The United Nations says it has not been involved in the relocation but urged the government to ensure no refugee is forced to move to Bhasan Char island, which only emerged from the sea 20 years ago.
"We are ready to receive the new arrivals," Navy Commodore Abdullah Al Mamun Chowdhury said from the island of the 1,804 Rohingya being moved in seven ships.
A first group of more than 1,600 Rohingya, members of a minority group who have fled from Myanmar, were relocated from their rickety camps near the Myanmar border to Bhasan Char earlier in the month.

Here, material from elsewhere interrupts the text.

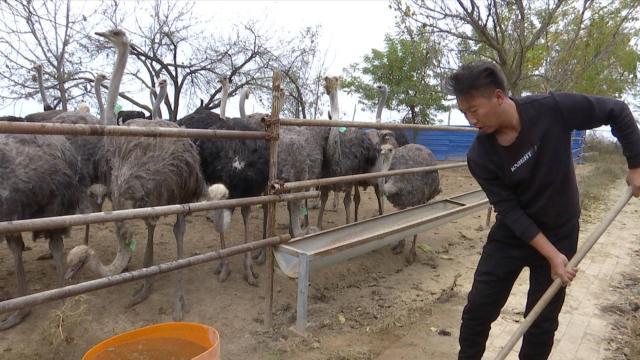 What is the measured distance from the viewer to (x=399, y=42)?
14.7 meters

Storms regularly hit the Bangladesh coast. In 1991, nearly 143,000 people were killed when a cyclone whipped up a 4.5-metre tidal surge.
The government has built a 12-kilometre embankment to protect the island along with housing for 100,000 people. It dismisses the risks.
"The island is completely safe," Foreign Minister Abdul Momen told Reuters.
The government also says the relocation is voluntary but some refugees from the first group have spoken about being coerced to go.
The human rights group Amnesty International also expressed concern.
"(A) lack of transparency in the consultation process with refugees, and allegations from within the community about cash incentives being offered to Rohingya families to relocate to Bhashan Char as well as use of intimidation tactics are making the relocation process questionable," the group said.
Momen rejected such doubts.
"The Rohingya people who have shifted there are very happy with the arrangement. Some evil groups are spreading negative propaganda," he said.
Two Rohingya men on board one of the ships heading to the island from the port of Chittagong told Reuters they were moving to their new home voluntarily. One said he was joining relatives already there while the other was moving with his wife and six children.
"There is so much suffering and conflict in the camp," said one of the men. "We are going there in the hope of a better life."
Reuters is withholding their names given the controversy around the move among the community, with many keen to stay on the mainland.